**ASSIGNMENT**
Could you return the data below exactly as it appears?

**EXERCISE DATA**
--*--

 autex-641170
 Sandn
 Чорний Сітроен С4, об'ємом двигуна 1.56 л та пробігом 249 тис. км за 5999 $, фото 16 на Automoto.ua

--*--

**WRITTEN REPLY**
 autex-641170
 Sandn
 Чорний Сітроен С4, об'ємом двигуна 1.56 л та пробігом 249 тис. км за 5999 $, фото 16 на Automoto.ua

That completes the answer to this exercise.